* [DATA FOR REVIEW]
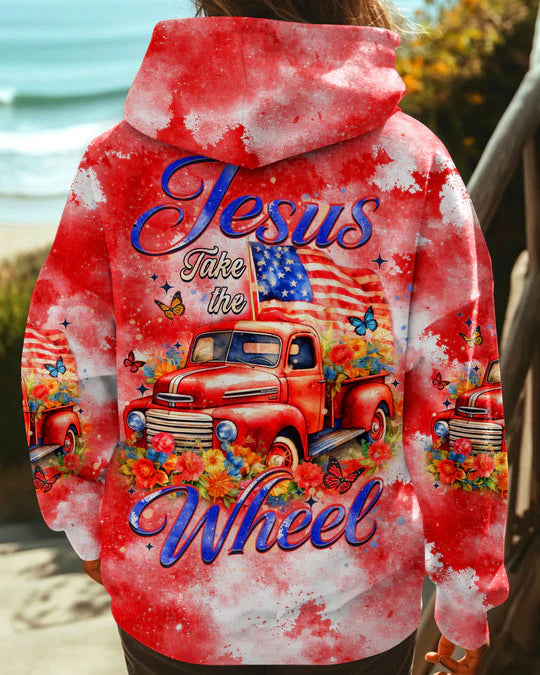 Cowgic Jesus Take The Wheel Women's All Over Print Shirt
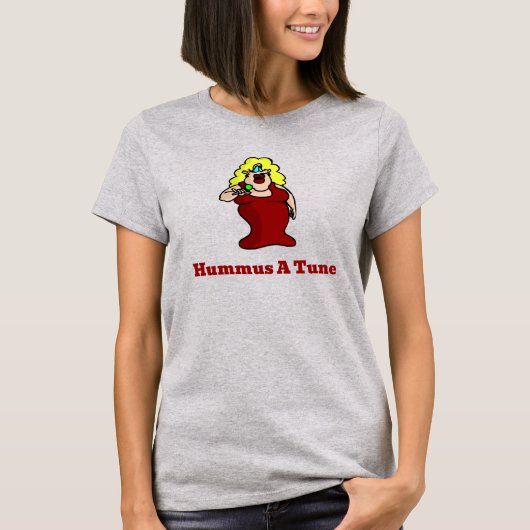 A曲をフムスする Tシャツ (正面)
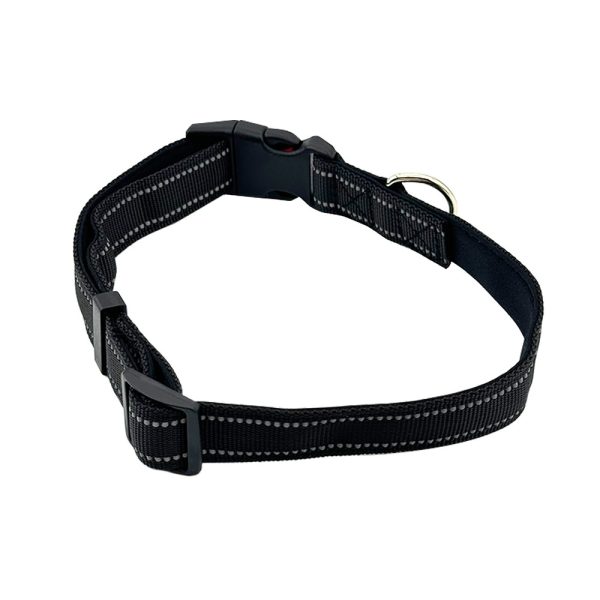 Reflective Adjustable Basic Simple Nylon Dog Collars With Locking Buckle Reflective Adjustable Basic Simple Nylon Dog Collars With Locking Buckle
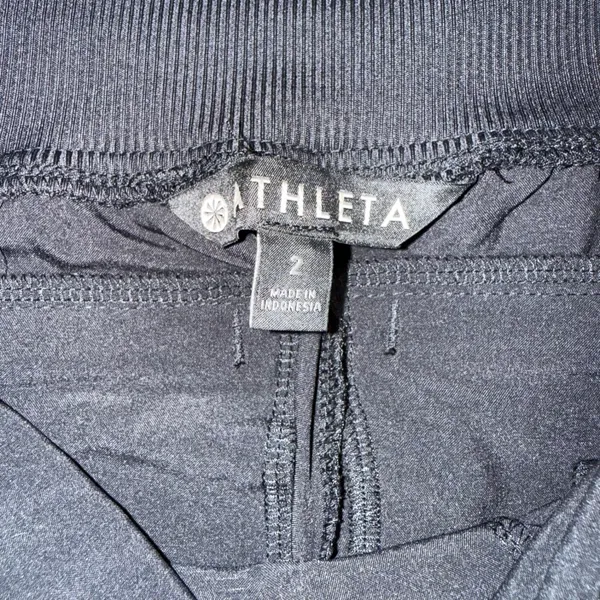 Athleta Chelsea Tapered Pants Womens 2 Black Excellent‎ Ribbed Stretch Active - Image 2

...

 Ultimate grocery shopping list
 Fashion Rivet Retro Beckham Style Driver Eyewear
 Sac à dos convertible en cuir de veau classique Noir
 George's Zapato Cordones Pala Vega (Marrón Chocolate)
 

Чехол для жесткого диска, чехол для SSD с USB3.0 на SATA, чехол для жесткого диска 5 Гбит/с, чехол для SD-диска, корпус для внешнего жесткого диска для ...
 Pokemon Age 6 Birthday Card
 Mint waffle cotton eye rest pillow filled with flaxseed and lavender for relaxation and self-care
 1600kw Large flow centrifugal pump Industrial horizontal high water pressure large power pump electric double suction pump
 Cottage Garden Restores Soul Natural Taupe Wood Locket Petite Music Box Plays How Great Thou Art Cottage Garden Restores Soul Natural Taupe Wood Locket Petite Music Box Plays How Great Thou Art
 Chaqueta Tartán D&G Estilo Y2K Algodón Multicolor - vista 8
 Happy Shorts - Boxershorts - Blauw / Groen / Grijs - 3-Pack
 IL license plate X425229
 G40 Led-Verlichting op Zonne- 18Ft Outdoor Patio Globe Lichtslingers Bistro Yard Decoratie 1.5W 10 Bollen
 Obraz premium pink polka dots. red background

* [EXERCISE DIRECTIONS] Find "Fashion Rivet Retro" in the entries above and copy that whole line exactly, then each line after it through the line that contains "Pokemon Age 6 Birthday Card".

* [TASK OUTPUT]
 Fashion Rivet Retro Beckham Style Driver Eyewear
 Sac à dos convertible en cuir de veau classique Noir
 George's Zapato Cordones Pala Vega (Marrón Chocolate)
 

Чехол для жесткого диска, чехол для SSD с USB3.0 на SATA, чехол для жесткого диска 5 Гбит/с, чехол для SD-диска, корпус для внешнего жесткого диска для ...
 Pokemon Age 6 Birthday Card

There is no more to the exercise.